Securing data and communications at remote experimental facility
Protecting sensitive information has always been critical to Lawrence Livermore’s national security missions. In the digital age, a well-guarded door is not enough. For years, Weapons and Complex Integration (WCI) has used iSRD—short for Integrated Secret Restricted Data—to manage access to classified information. Similar systems are utilized across the Department of Energy (DOE) complex to facilitate collaboration between laboratories, plants, and strategic partners.
But collaboration was not quite as easy in the remote, dusty part of southern Nevada known as the Nevada National Security Site (NNSS, formerly known as the Nevada Test Site). For decades there, researchers and support staff from around the DOE complex have worked together to advance a wide variety of national missions, including stockpile stewardship, environmental programs, and defense and civil technologies. But until last year, iSRD terminals at NNSS were too few and far between; they were distant from important experiments, delaying collaboration and making timely data transfer challenging.
“It’s a big portion of Nevada,” says WCI Deputy Information Technology (IT) Manager Marc Stearman of the 1,360-square-mile facility, which stretches from north of Las Vegas to just south of Tonopah, Nevada. “If you were doing experiments deep into the site and you needed to take some of that data and interface with the classified network, it would take you an hour’s drive just to get to the terminal, and then an hour back.”
In 2018 and with the support of several Computing staff, WCI funded and managed a project that extended the iSRD system to its employees at NNSS, earning the team a 2018 Director’s Institutional Operational Excellence Award. Today, sensitive data from experiments with national-security focus can be transferred quickly and securely over the iSRD network, instead of on CDs, DVDs, or USB drives that had to be physically transported with enhanced controls.
The team overcame many obstacles before the project could be declared a success.
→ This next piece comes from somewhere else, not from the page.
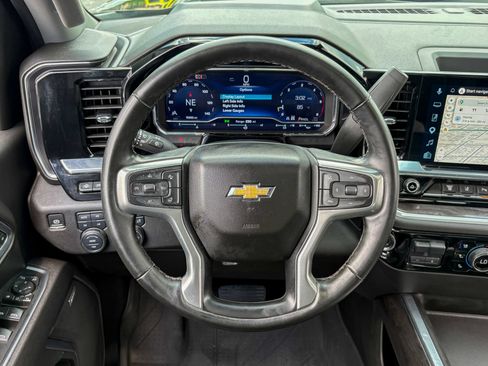 Used 2025 Chevrolet Silverado 3500 LTZ w/ LTZ Convenience Package AWD/4WD image 36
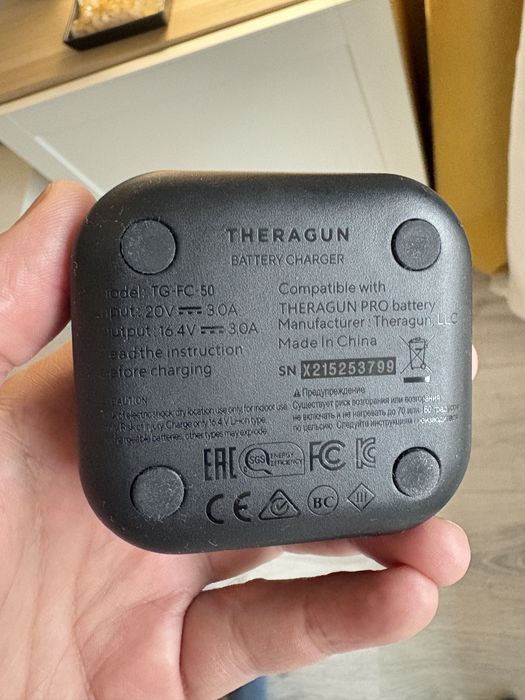 Theragun PRO nou (editie speciala RED)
For example, in sparsely occupied Nevada, connecting to high-bandwidth, secure, and speedy Internet access is no simple task. Some experimental data sets can grow into hundreds of gigabytes.
“Some of the biggest challenges were network speed and access,” says Stearman. “We had to interface with several network providers to find where the bottlenecks were and make sure the equipment was upgraded for the proper speeds.”
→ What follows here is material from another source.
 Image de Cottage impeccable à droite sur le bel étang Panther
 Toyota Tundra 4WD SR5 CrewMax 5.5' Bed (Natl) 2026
Supporting the installation of iSRD was not a foregone conclusion, either. Only two Lawrence Livermore IT employees (Scott Richardson and Brian Musick) are stationed at NNSS, making a large network of on-site storage and access terminals unwieldy to maintain. Along with Stearman, WCI Information Technology Manager Garry Schmerer and several colleagues devised a virtual terminal solution, allowing data to be kept at Livermore’s main site where more staff is available to support it. Only the computer screens and interfaces exist at NNSS, with data racing back and forth through a wide variety of secure telecommunications providers.
“There was a good deal of effort involved, from network expansion and troubleshooting network speeds, to installation of facilities and equipment and architecting a desktop computer solution,” says Stearman.
There are plans to extend iSRD even further to other parts of NNSS, but for now, the improved ability for scientists and support staff in Nevada to more quickly share information with colleagues across DOE has reaped benefits for the security of the United States. With the security and speed of iSRD now extended to one of the nation’s most important experimental sites, collaborators are more agile than ever—and they no longer have to drive hours across the desert to use a secure computer.
Photo above, courtesy of Nevada Field Office: The NNSS stretches across a large swath of southern Nevada, where a wide-ranging team of scientists, engineers, and staff from across the DOE work toward national security goals. A group poses beside the Sedan Crater during a 2018 tour of NNSS. The Sedan test was a nuclear explosion detonated as part of Project Plowshare.